Shoulder Impingement/Rotator Cuff Tendinitis

Shoulder pain is a very common complaint. Your shoulder is made up of several joints, tendons and muscles that allow a wide range of motion of the joint and whole arm. Because the shoulder is so complex, it is vulnerable to a variety of problems. The rotator cuff is a frequent source of pain in the shoulder.

Anatomy

The shoulder is a ball-and-socket type joint made up of three bones:

  1. Humerus (upper arm)
  2. Scapula (shoulder blade)
  3. Clavicle (collarbone)

The head of the humerus fits into a socket (called the “Glenoid”) in the shoulder blade. A group of muscles and tendons keeps the shoulder centred in the shoulder socket. These muscles are called the rotator cuff. They cover the head of humerus and attach it to your scapula. There is a lubricating sac called a bursa between the rotator cuff and the bone on top of your shoulder (acromion). This bursa allows the rotator cuff tendons to move freely when you move your arm in all directions.

The biceps muscle (in front of your upper arm) helps you bend your elbow and rotate your forearm. It also stabilizes the shoulder. The biceps muscle has two tendons that attach it to bones in the shoulder.

The Glenoid (socket) is lined with soft cartilage structure called the labrum. This tissue helps to stabilize the head of the humerus into the shoulder socket.

Normal Anatomy of the Shoulder

Normal Anatomy of the Shoulder Anterior and posterior view of the shoulder

Description

The rotator cuff is a common source of pain in the shoulder. Pain can be the result of:

Tendinitis/inflammation: The rotator cuff tendons can be damaged or irritated.

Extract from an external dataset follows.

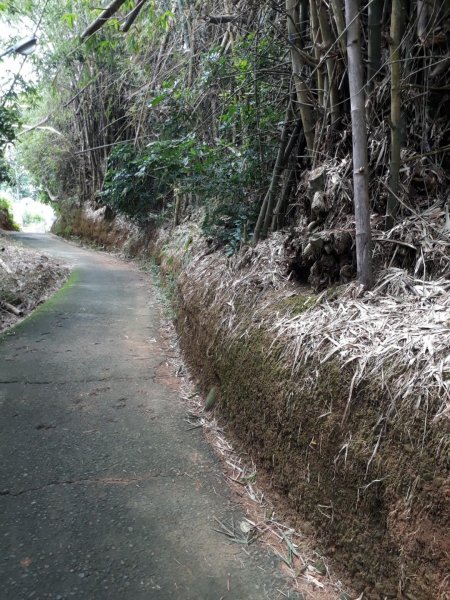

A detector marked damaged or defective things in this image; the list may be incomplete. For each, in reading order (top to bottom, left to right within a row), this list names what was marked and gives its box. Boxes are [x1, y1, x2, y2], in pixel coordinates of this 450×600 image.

crack in pavement [0, 472, 188, 500]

Bursitis: The bursa may become inflamed and swell with more fluid causing pain.

Impingement: When you raise your arm to shoulder height, the space between the rotator cuff and acromion decreases, This causes rubbing (“impingement”) between the tendon and the bursa, leading to irritation and pain.

The acromion “impinges” on the rotator cuff and bursa

The acromion 'impinges' on the rotator cuff and bursa

Rotator cuff pain is common in both young athletes and middle-aged people. People who use their arms overhead for tennis, swimming and other overhead sports are particularly vulnerable. Those who do repetitive lifting or overhead activities/work using the arm (such as construction or painting) are also susceptible. Pain may also develop as the result of a minor injury. Sometimes, it occurs with no apparent cause.

There is a lubricating sac called a bursa between the rotator cuff and the bone on top of your shoulder (acromion). The bursa allows the rotator cuff tendons to glide freely when you move your arm.

The acromion 'impinges' on the rotator cuff and bursa

What is Impingement?

The word impingement basically means ‘rubbing’ or ‘catching’ of structures. In this context, we refer to structures within the shoulder. It is the impingement of the rotator cuff against other structures within the shoulder which form the basis of impingement syndromes.

Types of impingement:

  1. External impingement (also known as Subacromial Impingement) is where the rotator cuff is impinged in a part of the shoulder known as the sub-acromial space (as discussed previously).
  2. Internal impingement involves other structures within the main shoulder joint itself (Glenohumeral joint).
Subacromial Bursa Subacromial Bursa

Subacromial Impingement

Subacromial Impingement

Also known as: Trapped tendons, Tendinitis, Bursitis

What is it?

The four muscles (and their tendons) that raise and lower the arm are collectively known as the rotator cuff. The rotator cuff lies under the roof of the shoulder (an extension of the shoulder blade known as the acromion). The space between the acromion and the rotator cuff tendons is filled by the subacromial bursa (a fluid filled sac that allows for smooth gliding of the rotator cuff under the acromion with all overhead movements of the shoulder).

Any abnormality affecting the rotator cuff could lead to dysfunction of the rotator cuff and shoulder. Therefore as the arm is elevated, the “pulling-down” effect on the humerus would be lost and the humeral head would ride upwards closer to the Acromion. This effect could lead to impingement. Pathologies that could do this are those directly affecting the rotator cuff such as:

  1. Rotator cuff strain
  2. Partial or full thickness tear
  3. Calcific tendonitis (calcium in rotator cuff)
  4. Chronic overuse leading to wear and tear of the rotator cuff tendons (tendinopathy).
  5. Indirect causes:
    1. Glenohumeral instability (abnormal or increased movements in shoulder joint)
    2. Abnormal muscle patterns of the shoulder.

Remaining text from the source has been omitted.